I know you got into African music with albums like Sahara…
I studied all sorts of music. I really liked Latin music, which had the African influence as well because of the conga drums. I kind of messed with that, playing congas for a while, but it started hurting my hands so I put it down. I wasn’t that good, just playing jam sessions. You have to be careful or you can really damage your hands.
I read somewhere that some time over the years you played in Ike and Tina Turner’s band. [It was in McCoy’s bio at AllMusic.com.]
That’s not true. You know why people say that? Azar Lawrence was playing tenor sax with me a long time ago. He worked for Ike and Tina.
So some journalist got it wrong. It did not really make sense to me.
They did an interview with him and it got mixed up. I don’t know how you can do something that stupid. It got mixed up with my biography, I don’t know how. How the heck would they do that?
My guess would be some journalist didn’t hear things right or wrote it down wrong, and that was perpetuated because some other journalist read what he wrote and passed it on. The error then seems to be real.
Exactly, but it’s manufactured. (laughs)
Weren’t you just out here on the West Coast playing at Yoshi’s?
That’s right. I’ve been playing there off and on for 12 years. It’s developed to a point where now they want me to stay and play for two weeks and present different musicians so I have a different band each week.
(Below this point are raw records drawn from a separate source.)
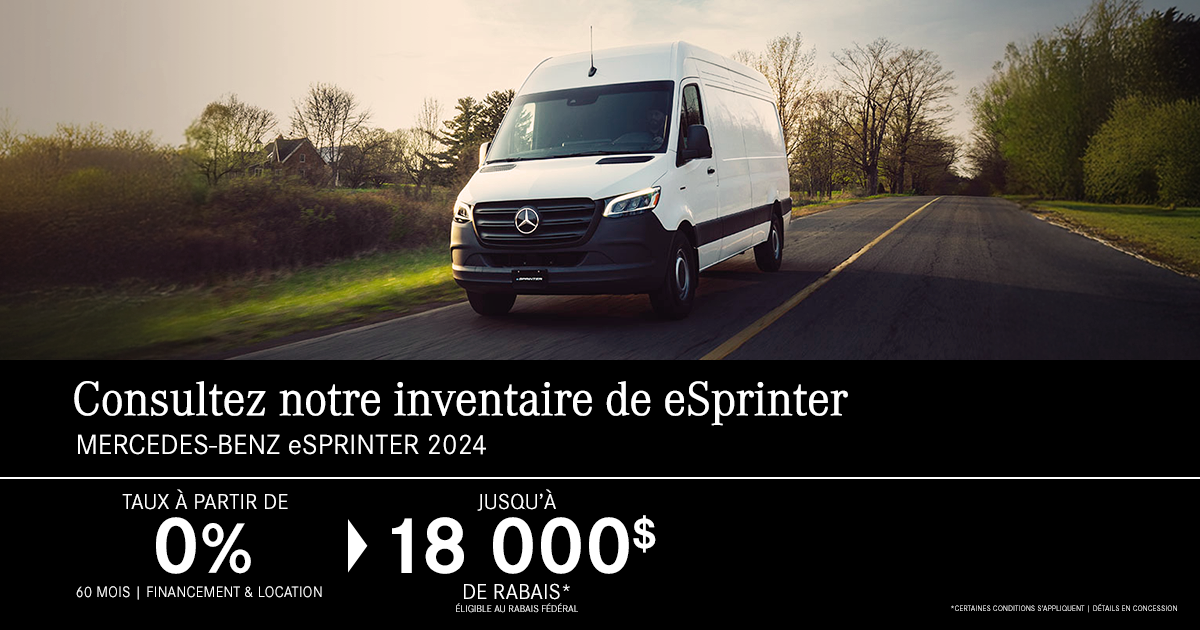 eSPRINTER 2024 DISPONIBLE !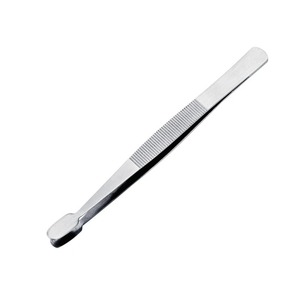 Pinzas Oftálmicas de Acero Inoxidable Ametrine Surgical AS-786 de 10 cm con Plataforma Dentada, Instrumento Manual para Cirugía de Doble Párpado - Product Image 3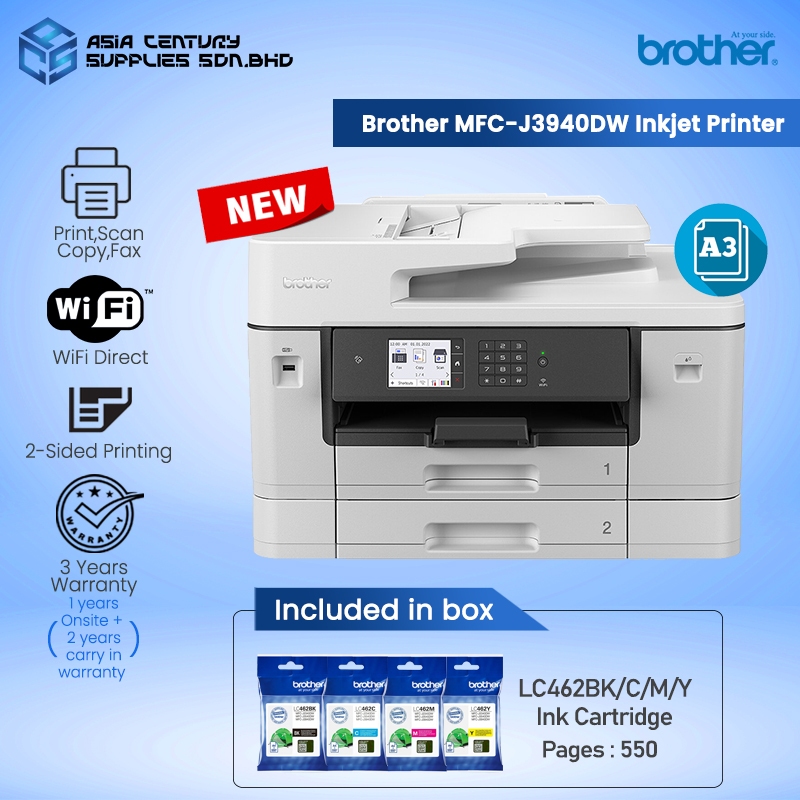 Brother MFC-J3940DW All In One InkJet A3 Printer/ Automatic Duplex ...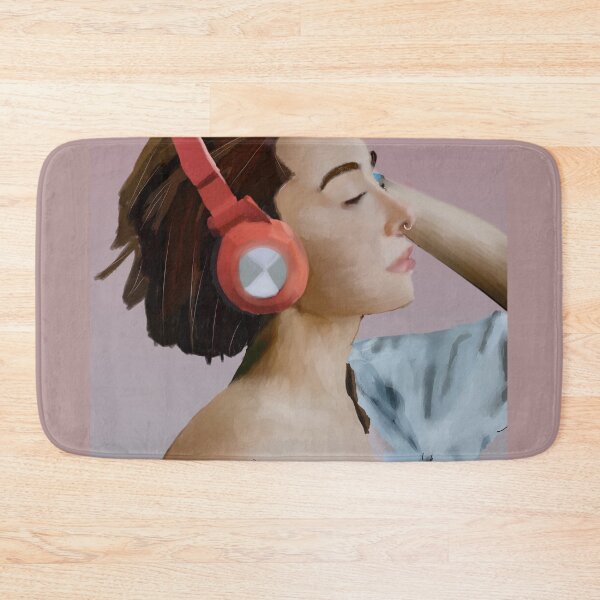 Item preview, Music Escapism Portrait Illustration with Floral Tattoo designed and sold by retrotoonz.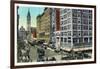 Philadelphia, Pennsylvania - Market Street West from 11th Street-Lantern Press-Framed Art Print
I’ve been doing that for a few years.
And you played with John’s son Ravi?
The first week was with Joe Lovano and Dave Holland. The second week was with Ravi Coltrane and Bobby Hutcherson. Bobby and I go way back.
Did you revisit some of the songs you played in the past?
We played some songs that Bobby and I recorded together.
Who’s coming out with you when you play here in Arcata?
Charnett Moffett (bass) and Eric Gravatt (drums), he used to play with Weather Report years ago.
Where having you been taking things musically? Are you exploring any new territory?
I try to do different things all the time, but I don’t really have a name for it. It’s a culmination of everything I’ve been through musically. I use it as a platform and try to have in catapult me to another level. But I’m not doing a John Coltrane kind of thing where I’m like looking all the time for something new. I use music as an experience. I don’t like to play the same thing every day, but I’m not on a mission. I just want to enjoy playing. And if I enjoy what I play, hopefully I’ll run into something very interesting. That’s all. I don’t try to practice every day trying to reach some certain point. You know I’ve done a lot of things and I don’t have to prove anything.